Role of the immune system in cancer prevention

The host immune system consists of the innate and adaptive arms of immunity (Figure 1). The innate immune system is comprised of cells of myeloid origin (i.e. cells of monocytic lineage including monocytes, dendritic cells and macrophages; granulocytes including neutrophils, eosinophils, basophils, and mast cell; and innate lymphoid cells including natural killer (NK) cells). Adaptive immune cells include cells of lymphoid origin including T (helper CD4+ T and killer CD8+ T) and B cells. Other lymphoid cells such as natural killer T (NKT) and gamma-delta T (γδT) cells are semi-adaptive in nature [53].

Figure 1.

Schematic diagram showing the roles of immune system and DNA repair/HR in genomic instability and oncogenesis.
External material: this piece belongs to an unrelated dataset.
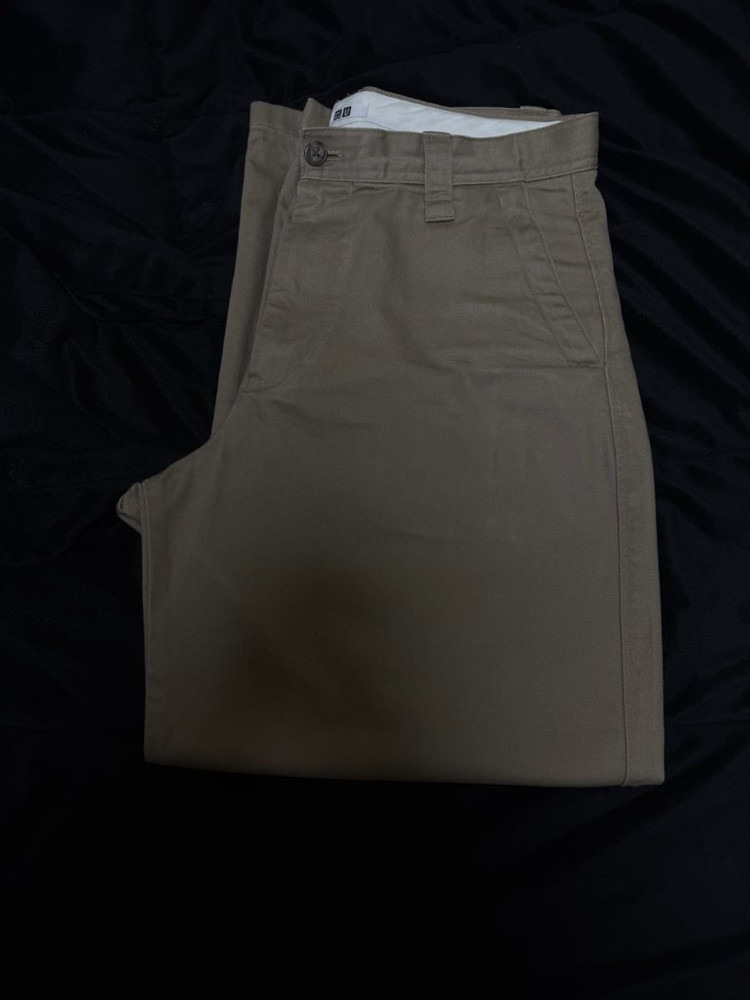 [82]유니클로u 와이드핏치노팬츠 베이지--1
Cancer cells express tumor antigens that are recognized by the immune system. Innate immune cells (macrophages, neutrophils, NK cells) engulf and kill tumor cells by ADCC/CDC pathways by binding to the Fc part of antibodies through Fc receptors (FcR) or binding to complement bound to the tumor antigen-antibody complex by complement receptor (CR). They can kill the tumor cells by secreting toxic elements without direct contact with tumor cells. NK cells have another unique way of killing tumor cells through cytotoxic activity. With progression of cancer, cells downregulate the expression of MHC class I which impairs the inhibitory signal for recognizing tumor cells as self and generate foreignness. This allows activating signal to work between NK cells and tumor cells leading to lysis of the cancer cells. Intracellular tumor antigens are processed and presented by MHC class I of tumor cells to killer CD8 T+ cells in the adaptive arm of the immune system that can specifically kill the tumor cells by their cytotoxic activity. With progression of cancer, the TME becomes more immunosuppressive. DNA damage and genomic instability can cause inflammation and inflammation further increases DNA damage and genomic instability. Symbols used in the figure are explained within the rectangle

One of the important functions of the immune system is to recognize and eliminate cancer cells. Immune cells recognize cancer cells through specific tumor antigens (TAs) expressed on their surface. These antigens can be classified into several subtypes as follows: 1) tumor associated antigens (TAA); 2) tumor specific antigens (TSA); 3) Oncofetal antigens (OFA); 4) oncoviral antigens and; 5) lineage or differentiation specific antigens 6) cancer testis antigens which are usually expressed in germ cells in adults but a group of these antigens [MAGE(Melanoma-associated antigen 1), NY-ESO (New York- Esophageal cancer 1)] are highly expressed in many cancer cell types (melanoma, liver, lung, bladder). These antigens are harnessed as targets for cancer vaccination. TAAs appear due to overexpression of certain genes in tumor cells and may also be expressed at lower level in normal cells. TSAs arise from mutated proteins, proteins with aberrant glycosylation or unusual lipids on the cell surface and, therefore, are foreign to the host immune system. Oncofetal proteins, alpha-fetoprotein (AFP) and carcinoembryonic antigen (CEA) are usually expressed in embryo before the host immune system is developed and can be re-expressed by some cancer cells, hence they are seen as foreign to the immune system. Oncoviral proteins are antigens expressed in cancers caused by viral infection [54,55].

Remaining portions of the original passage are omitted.